## Data listing:
┌──
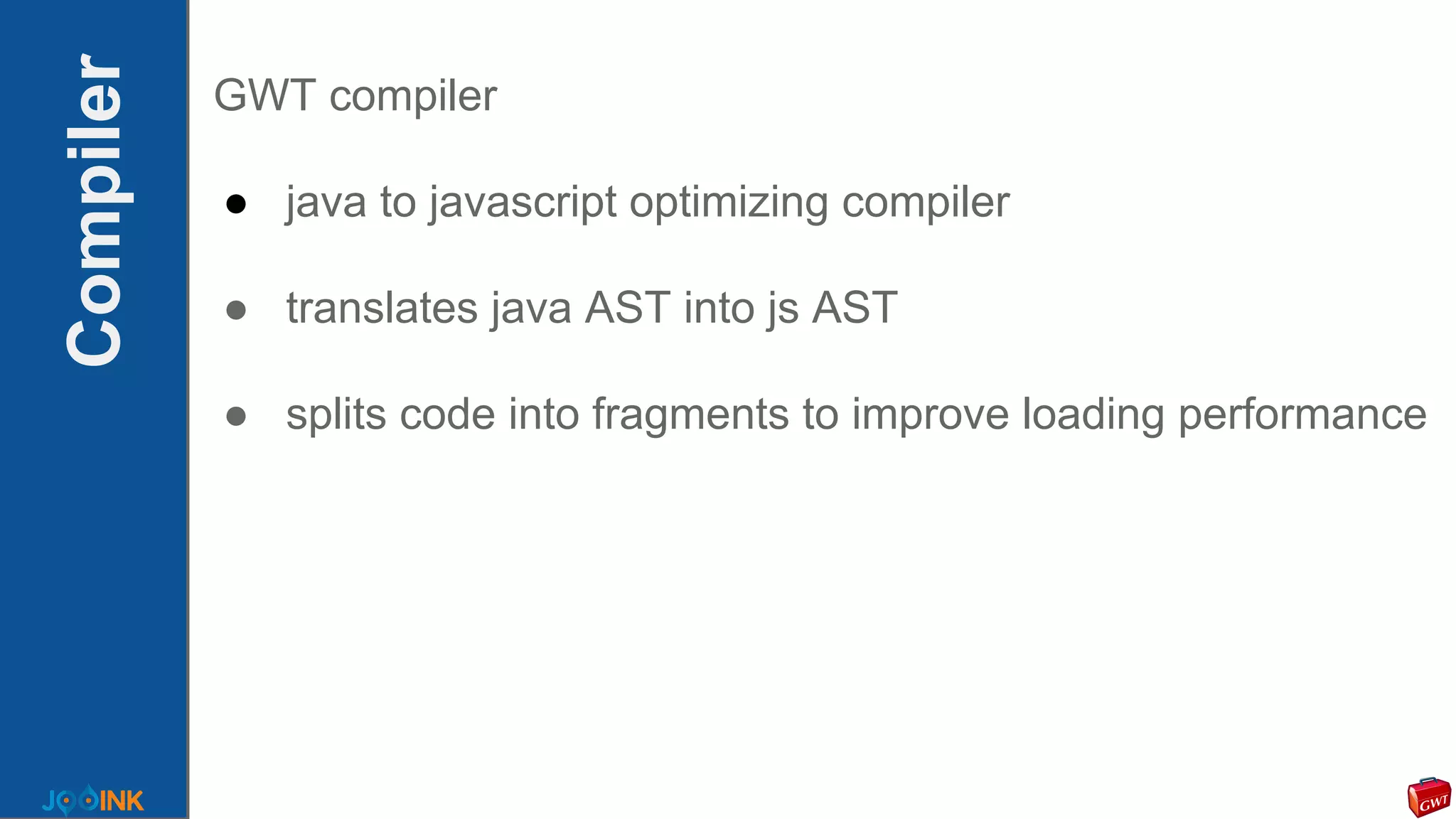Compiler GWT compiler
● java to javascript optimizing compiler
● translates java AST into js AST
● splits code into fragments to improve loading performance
└──
┌──
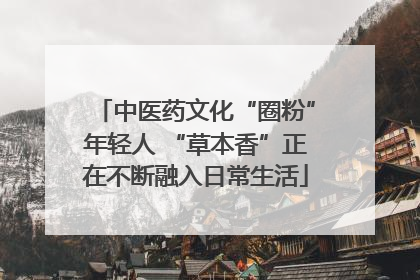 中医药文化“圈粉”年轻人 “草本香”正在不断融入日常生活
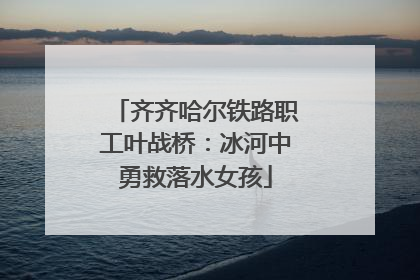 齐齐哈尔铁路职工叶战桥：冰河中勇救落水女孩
└──
## Assignment:
Only one stretch of the records above is wanted: the lines between the one holding "into js AST" and the one holding "improve loading performance", inclusive, reproduced exactly.

## Problem solution:
● translates java AST into js AST
● splits code into fragments to improve loading performance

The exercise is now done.